▼
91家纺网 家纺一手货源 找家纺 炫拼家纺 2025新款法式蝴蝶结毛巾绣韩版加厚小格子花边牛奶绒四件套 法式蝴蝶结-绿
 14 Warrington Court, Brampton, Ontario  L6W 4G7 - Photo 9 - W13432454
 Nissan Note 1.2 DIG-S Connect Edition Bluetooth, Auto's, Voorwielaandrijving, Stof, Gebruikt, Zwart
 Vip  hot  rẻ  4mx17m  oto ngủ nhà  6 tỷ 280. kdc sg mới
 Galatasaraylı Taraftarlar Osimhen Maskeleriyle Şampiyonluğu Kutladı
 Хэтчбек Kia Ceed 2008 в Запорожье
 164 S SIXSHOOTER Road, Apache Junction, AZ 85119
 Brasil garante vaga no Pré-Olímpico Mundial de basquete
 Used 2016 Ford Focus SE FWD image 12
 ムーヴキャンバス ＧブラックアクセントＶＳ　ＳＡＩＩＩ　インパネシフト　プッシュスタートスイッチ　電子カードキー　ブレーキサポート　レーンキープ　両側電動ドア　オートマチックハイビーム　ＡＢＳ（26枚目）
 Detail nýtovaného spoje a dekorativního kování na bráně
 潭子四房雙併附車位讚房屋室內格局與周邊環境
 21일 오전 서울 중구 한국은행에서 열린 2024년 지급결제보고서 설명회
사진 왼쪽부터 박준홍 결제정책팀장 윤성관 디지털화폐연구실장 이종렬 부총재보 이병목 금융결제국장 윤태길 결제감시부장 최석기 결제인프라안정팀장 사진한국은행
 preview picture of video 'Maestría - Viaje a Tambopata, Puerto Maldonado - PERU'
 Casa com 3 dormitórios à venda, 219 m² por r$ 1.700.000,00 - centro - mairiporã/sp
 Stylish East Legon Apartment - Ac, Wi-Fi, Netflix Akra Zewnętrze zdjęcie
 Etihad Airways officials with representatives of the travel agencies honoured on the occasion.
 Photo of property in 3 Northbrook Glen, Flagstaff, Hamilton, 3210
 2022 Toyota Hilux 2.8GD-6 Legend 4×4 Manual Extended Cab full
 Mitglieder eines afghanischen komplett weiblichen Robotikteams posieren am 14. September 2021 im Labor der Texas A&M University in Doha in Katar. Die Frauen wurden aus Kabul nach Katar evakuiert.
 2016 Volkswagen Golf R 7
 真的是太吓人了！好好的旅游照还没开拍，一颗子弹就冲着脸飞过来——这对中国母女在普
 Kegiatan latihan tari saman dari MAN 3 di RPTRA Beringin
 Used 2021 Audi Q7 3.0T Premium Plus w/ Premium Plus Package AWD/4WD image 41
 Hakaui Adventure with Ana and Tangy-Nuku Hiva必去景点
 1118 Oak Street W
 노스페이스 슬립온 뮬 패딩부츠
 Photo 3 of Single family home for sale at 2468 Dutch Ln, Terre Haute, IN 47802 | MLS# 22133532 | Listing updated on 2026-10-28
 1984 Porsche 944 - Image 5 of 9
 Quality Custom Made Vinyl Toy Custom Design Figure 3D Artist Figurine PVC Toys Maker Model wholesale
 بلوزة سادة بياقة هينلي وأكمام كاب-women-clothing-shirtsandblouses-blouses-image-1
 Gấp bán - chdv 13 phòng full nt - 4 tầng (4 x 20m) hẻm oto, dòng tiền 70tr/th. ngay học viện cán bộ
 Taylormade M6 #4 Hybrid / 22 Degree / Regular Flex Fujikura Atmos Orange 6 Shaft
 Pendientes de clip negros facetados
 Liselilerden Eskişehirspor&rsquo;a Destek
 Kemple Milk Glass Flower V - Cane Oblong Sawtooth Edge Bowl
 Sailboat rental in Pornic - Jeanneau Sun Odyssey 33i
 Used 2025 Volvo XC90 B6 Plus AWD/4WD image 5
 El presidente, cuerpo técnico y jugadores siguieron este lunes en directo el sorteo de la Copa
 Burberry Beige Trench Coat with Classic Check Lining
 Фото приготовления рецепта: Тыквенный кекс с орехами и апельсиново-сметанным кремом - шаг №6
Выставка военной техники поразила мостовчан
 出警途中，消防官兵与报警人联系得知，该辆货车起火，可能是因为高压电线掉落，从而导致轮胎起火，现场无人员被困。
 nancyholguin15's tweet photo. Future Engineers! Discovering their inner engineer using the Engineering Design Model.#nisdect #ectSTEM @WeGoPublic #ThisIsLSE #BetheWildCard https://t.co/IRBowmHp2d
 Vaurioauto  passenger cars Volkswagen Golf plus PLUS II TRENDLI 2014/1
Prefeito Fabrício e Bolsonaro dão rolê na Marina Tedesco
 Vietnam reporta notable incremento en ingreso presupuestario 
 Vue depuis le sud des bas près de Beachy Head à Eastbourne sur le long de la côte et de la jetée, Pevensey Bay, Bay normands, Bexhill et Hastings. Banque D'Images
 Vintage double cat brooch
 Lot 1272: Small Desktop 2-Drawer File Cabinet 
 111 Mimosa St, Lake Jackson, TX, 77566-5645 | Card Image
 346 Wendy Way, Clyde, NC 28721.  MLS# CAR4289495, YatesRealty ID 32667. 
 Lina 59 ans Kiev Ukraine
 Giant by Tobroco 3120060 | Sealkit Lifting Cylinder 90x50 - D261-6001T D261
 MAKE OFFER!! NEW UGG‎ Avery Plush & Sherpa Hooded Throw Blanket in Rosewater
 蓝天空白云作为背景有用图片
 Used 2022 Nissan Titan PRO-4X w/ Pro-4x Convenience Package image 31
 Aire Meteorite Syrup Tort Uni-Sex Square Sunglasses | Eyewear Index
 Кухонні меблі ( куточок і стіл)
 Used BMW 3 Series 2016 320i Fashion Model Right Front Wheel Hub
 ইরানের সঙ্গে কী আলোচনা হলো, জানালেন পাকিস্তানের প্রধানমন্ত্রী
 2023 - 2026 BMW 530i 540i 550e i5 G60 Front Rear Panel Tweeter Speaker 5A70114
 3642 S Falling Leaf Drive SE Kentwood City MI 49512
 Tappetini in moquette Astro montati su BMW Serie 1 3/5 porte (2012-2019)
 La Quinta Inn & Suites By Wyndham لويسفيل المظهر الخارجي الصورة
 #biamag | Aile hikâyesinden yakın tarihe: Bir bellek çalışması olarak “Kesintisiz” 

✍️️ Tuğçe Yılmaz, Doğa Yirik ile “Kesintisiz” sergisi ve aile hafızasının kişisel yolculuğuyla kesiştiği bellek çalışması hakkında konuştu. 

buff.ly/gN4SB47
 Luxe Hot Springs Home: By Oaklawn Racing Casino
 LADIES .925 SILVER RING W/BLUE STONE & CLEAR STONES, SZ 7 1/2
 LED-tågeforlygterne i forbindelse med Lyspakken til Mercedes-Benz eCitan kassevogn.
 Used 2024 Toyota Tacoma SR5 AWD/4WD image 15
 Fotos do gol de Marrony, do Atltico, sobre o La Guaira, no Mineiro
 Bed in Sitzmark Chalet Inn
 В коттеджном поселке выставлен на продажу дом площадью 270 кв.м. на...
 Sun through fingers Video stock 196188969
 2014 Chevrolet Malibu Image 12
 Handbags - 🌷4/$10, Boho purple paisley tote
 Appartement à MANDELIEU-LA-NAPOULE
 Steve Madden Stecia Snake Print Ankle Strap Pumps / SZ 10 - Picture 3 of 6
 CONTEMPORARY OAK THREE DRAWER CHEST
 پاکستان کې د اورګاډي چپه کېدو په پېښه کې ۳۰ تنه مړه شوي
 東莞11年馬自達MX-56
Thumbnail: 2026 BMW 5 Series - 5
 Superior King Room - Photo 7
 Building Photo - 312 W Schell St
▲
Print the material once more, keeping every word as it is.

§ Exercise result
91家纺网 家纺一手货源 找家纺 炫拼家纺 2025新款法式蝴蝶结毛巾绣韩版加厚小格子花边牛奶绒四件套 法式蝴蝶结-绿
 14 Warrington Court, Brampton, Ontario  L6W 4G7 - Photo 9 - W13432454
 Nissan Note 1.2 DIG-S Connect Edition Bluetooth, Auto's, Voorwielaandrijving, Stof, Gebruikt, Zwart
 Vip  hot  rẻ  4mx17m  oto ngủ nhà  6 tỷ 280. kdc sg mới
 Galatasaraylı Taraftarlar Osimhen Maskeleriyle Şampiyonluğu Kutladı
 Хэтчбек Kia Ceed 2008 в Запорожье
 164 S SIXSHOOTER Road, Apache Junction, AZ 85119
 Brasil garante vaga no Pré-Olímpico Mundial de basquete
 Used 2016 Ford Focus SE FWD image 12
 ムーヴキャンバス ＧブラックアクセントＶＳ　ＳＡＩＩＩ　インパネシフト　プッシュスタートスイッチ　電子カードキー　ブレーキサポート　レーンキープ　両側電動ドア　オートマチックハイビーム　ＡＢＳ（26枚目）
 Detail nýtovaného spoje a dekorativního kování na bráně
 潭子四房雙併附車位讚房屋室內格局與周邊環境
 21일 오전 서울 중구 한국은행에서 열린 2024년 지급결제보고서 설명회
사진 왼쪽부터 박준홍 결제정책팀장 윤성관 디지털화폐연구실장 이종렬 부총재보 이병목 금융결제국장 윤태길 결제감시부장 최석기 결제인프라안정팀장 사진한국은행
 preview picture of video 'Maestría - Viaje a Tambopata, Puerto Maldonado - PERU'
 Casa com 3 dormitórios à venda, 219 m² por r$ 1.700.000,00 - centro - mairiporã/sp
 Stylish East Legon Apartment - Ac, Wi-Fi, Netflix Akra Zewnętrze zdjęcie
 Etihad Airways officials with representatives of the travel agencies honoured on the occasion.
 Photo of property in 3 Northbrook Glen, Flagstaff, Hamilton, 3210
 2022 Toyota Hilux 2.8GD-6 Legend 4×4 Manual Extended Cab full
 Mitglieder eines afghanischen komplett weiblichen Robotikteams posieren am 14. September 2021 im Labor der Texas A&M University in Doha in Katar. Die Frauen wurden aus Kabul nach Katar evakuiert.
 2016 Volkswagen Golf R 7
 真的是太吓人了！好好的旅游照还没开拍，一颗子弹就冲着脸飞过来——这对中国母女在普
 Kegiatan latihan tari saman dari MAN 3 di RPTRA Beringin
 Used 2021 Audi Q7 3.0T Premium Plus w/ Premium Plus Package AWD/4WD image 41
 Hakaui Adventure with Ana and Tangy-Nuku Hiva必去景点
 1118 Oak Street W
 노스페이스 슬립온 뮬 패딩부츠
 Photo 3 of Single family home for sale at 2468 Dutch Ln, Terre Haute, IN 47802 | MLS# 22133532 | Listing updated on 2026-10-28
 1984 Porsche 944 - Image 5 of 9
 Quality Custom Made Vinyl Toy Custom Design Figure 3D Artist Figurine PVC Toys Maker Model wholesale
 بلوزة سادة بياقة هينلي وأكمام كاب-women-clothing-shirtsandblouses-blouses-image-1
 Gấp bán - chdv 13 phòng full nt - 4 tầng (4 x 20m) hẻm oto, dòng tiền 70tr/th. ngay học viện cán bộ
 Taylormade M6 #4 Hybrid / 22 Degree / Regular Flex Fujikura Atmos Orange 6 Shaft
 Pendientes de clip negros facetados
 Liselilerden Eskişehirspor&rsquo;a Destek
 Kemple Milk Glass Flower V - Cane Oblong Sawtooth Edge Bowl
 Sailboat rental in Pornic - Jeanneau Sun Odyssey 33i
 Used 2025 Volvo XC90 B6 Plus AWD/4WD image 5
 El presidente, cuerpo técnico y jugadores siguieron este lunes en directo el sorteo de la Copa
 Burberry Beige Trench Coat with Classic Check Lining
 Фото приготовления рецепта: Тыквенный кекс с орехами и апельсиново-сметанным кремом - шаг №6
Выставка военной техники поразила мостовчан
 出警途中，消防官兵与报警人联系得知，该辆货车起火，可能是因为高压电线掉落，从而导致轮胎起火，现场无人员被困。
 nancyholguin15's tweet photo. Future Engineers! Discovering their inner engineer using the Engineering Design Model.#nisdect #ectSTEM @WeGoPublic #ThisIsLSE #BetheWildCard https://t.co/IRBowmHp2d
 Vaurioauto  passenger cars Volkswagen Golf plus PLUS II TRENDLI 2014/1
Prefeito Fabrício e Bolsonaro dão rolê na Marina Tedesco
 Vietnam reporta notable incremento en ingreso presupuestario 
 Vue depuis le sud des bas près de Beachy Head à Eastbourne sur le long de la côte et de la jetée, Pevensey Bay, Bay normands, Bexhill et Hastings. Banque D'Images
 Vintage double cat brooch
 Lot 1272: Small Desktop 2-Drawer File Cabinet 
 111 Mimosa St, Lake Jackson, TX, 77566-5645 | Card Image
 346 Wendy Way, Clyde, NC 28721.  MLS# CAR4289495, YatesRealty ID 32667. 
 Lina 59 ans Kiev Ukraine
 Giant by Tobroco 3120060 | Sealkit Lifting Cylinder 90x50 - D261-6001T D261
 MAKE OFFER!! NEW UGG‎ Avery Plush & Sherpa Hooded Throw Blanket in Rosewater
 蓝天空白云作为背景有用图片
 Used 2022 Nissan Titan PRO-4X w/ Pro-4x Convenience Package image 31
 Aire Meteorite Syrup Tort Uni-Sex Square Sunglasses | Eyewear Index
 Кухонні меблі ( куточок і стіл)
 Used BMW 3 Series 2016 320i Fashion Model Right Front Wheel Hub
 ইরানের সঙ্গে কী আলোচনা হলো, জানালেন পাকিস্তানের প্রধানমন্ত্রী
 2023 - 2026 BMW 530i 540i 550e i5 G60 Front Rear Panel Tweeter Speaker 5A70114
 3642 S Falling Leaf Drive SE Kentwood City MI 49512
 Tappetini in moquette Astro montati su BMW Serie 1 3/5 porte (2012-2019)
 La Quinta Inn & Suites By Wyndham لويسفيل المظهر الخارجي الصورة
 #biamag | Aile hikâyesinden yakın tarihe: Bir bellek çalışması olarak “Kesintisiz” 

✍️️ Tuğçe Yılmaz, Doğa Yirik ile “Kesintisiz” sergisi ve aile hafızasının kişisel yolculuğuyla kesiştiği bellek çalışması hakkında konuştu. 

buff.ly/gN4SB47
 Luxe Hot Springs Home: By Oaklawn Racing Casino
 LADIES .925 SILVER RING W/BLUE STONE & CLEAR STONES, SZ 7 1/2
 LED-tågeforlygterne i forbindelse med Lyspakken til Mercedes-Benz eCitan kassevogn.
 Used 2024 Toyota Tacoma SR5 AWD/4WD image 15
 Fotos do gol de Marrony, do Atltico, sobre o La Guaira, no Mineiro
 Bed in Sitzmark Chalet Inn
 В коттеджном поселке выставлен на продажу дом площадью 270 кв.м. на...
 Sun through fingers Video stock 196188969
 2014 Chevrolet Malibu Image 12
 Handbags - 🌷4/$10, Boho purple paisley tote
 Appartement à MANDELIEU-LA-NAPOULE
 Steve Madden Stecia Snake Print Ankle Strap Pumps / SZ 10 - Picture 3 of 6
 CONTEMPORARY OAK THREE DRAWER CHEST
 پاکستان کې د اورګاډي چپه کېدو په پېښه کې ۳۰ تنه مړه شوي
 東莞11年馬自達MX-56
Thumbnail: 2026 BMW 5 Series - 5
 Superior King Room - Photo 7
 Building Photo - 312 W Schell St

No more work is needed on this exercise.